DIRECTIONS FOR THIS TASK: Using only the entries below, output the lines starting at the one containing "Nettoyage demoussage de" and ending at the one containing "2010-04-26 Tulip", exactly and inclusive of both, omitting the pictures.

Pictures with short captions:

━━━━

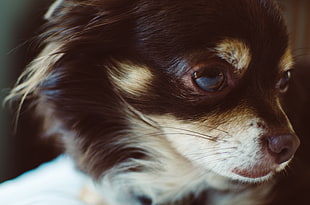 black and white Chihuahua puppy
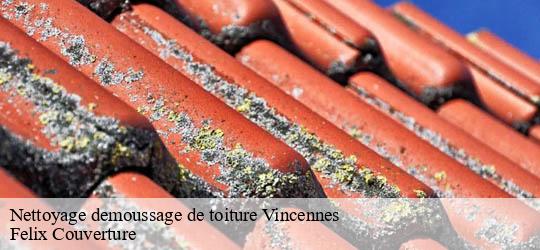 Nettoyage demoussage de toiture  vincennes-94300 Felix Couverture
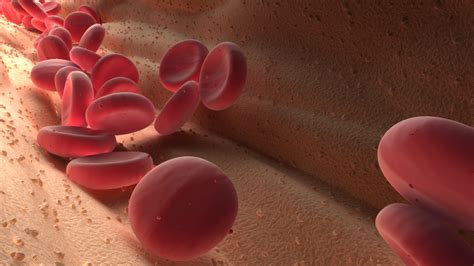 Blood cells animation 3D model - TurboSquid 1238674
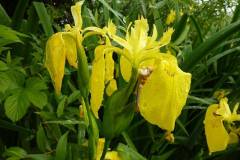 Iris pseudacorus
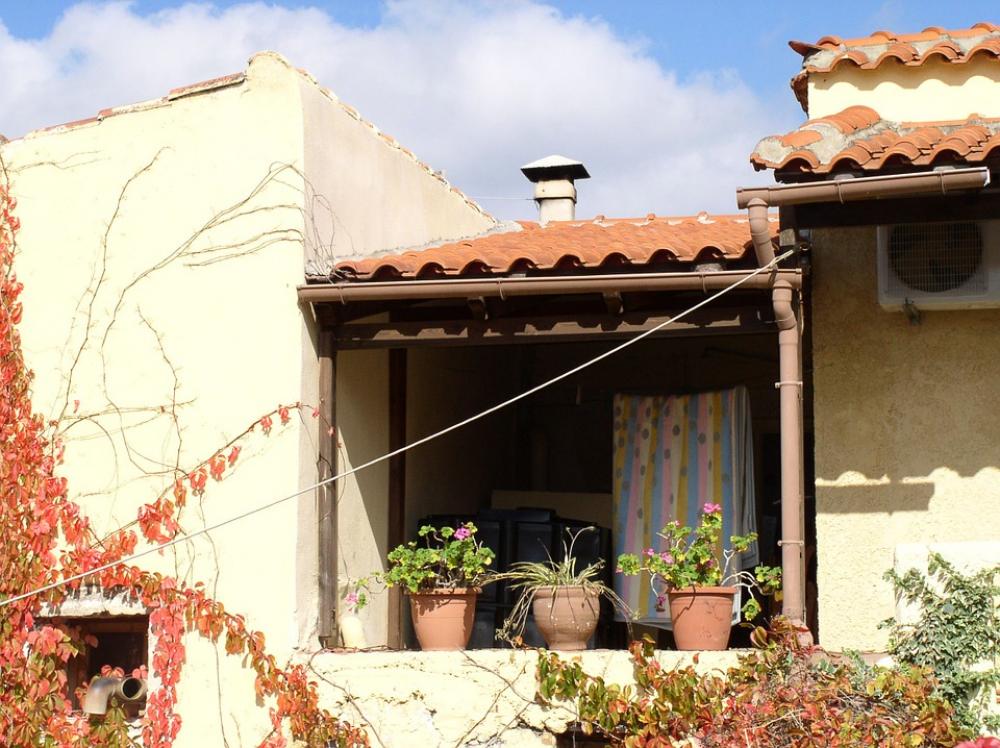 Vacations Crete South Flower Flower Pots Summer Vacations Crete South Flower Flower Pots Summer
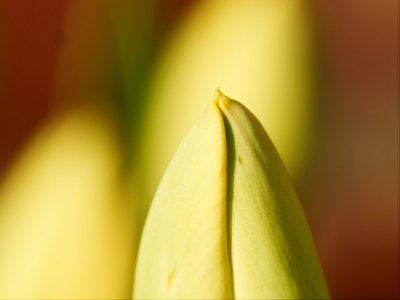 2010-04-26 Tulip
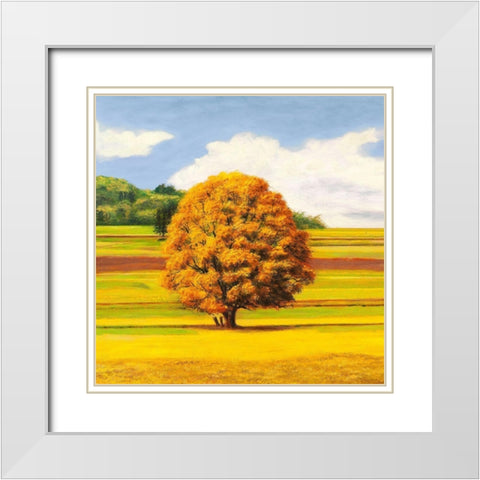 Pianure serene I (detail) White Modern Wood Framed Art Print with Double Matting by Angelo, Masera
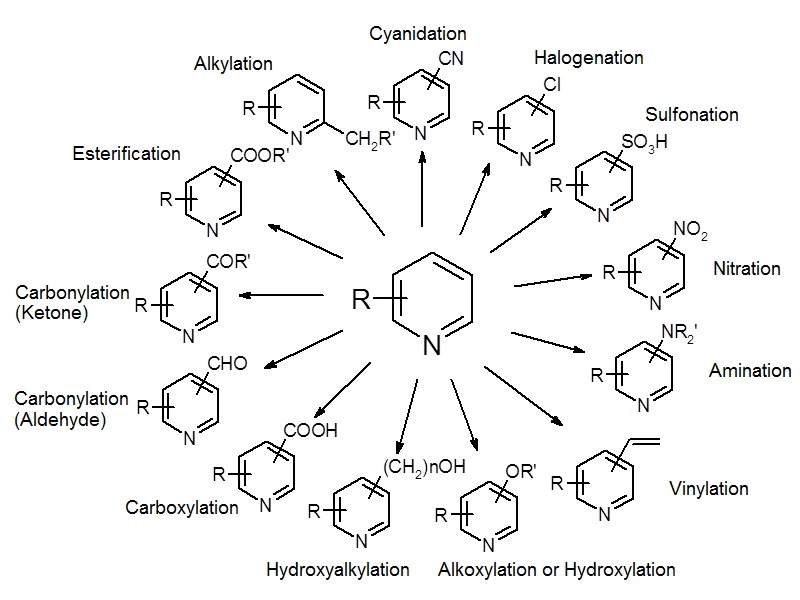 Technologies and Facilities for Fine Organic Synthesis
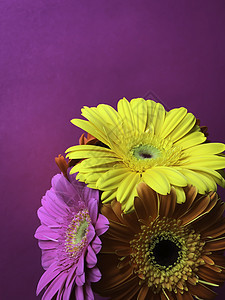 在紫色上紧贴3朵黄色橙色粉红色花朵图片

━━━━

ANSWER TO THIS TASK:
 Nettoyage demoussage de toiture  vincennes-94300 Felix Couverture
 Blood cells animation 3D model - TurboSquid 1238674
 Iris pseudacorus
 Vacations Crete South Flower Flower Pots Summer Vacations Crete South Flower Flower Pots Summer
 2010-04-26 Tulip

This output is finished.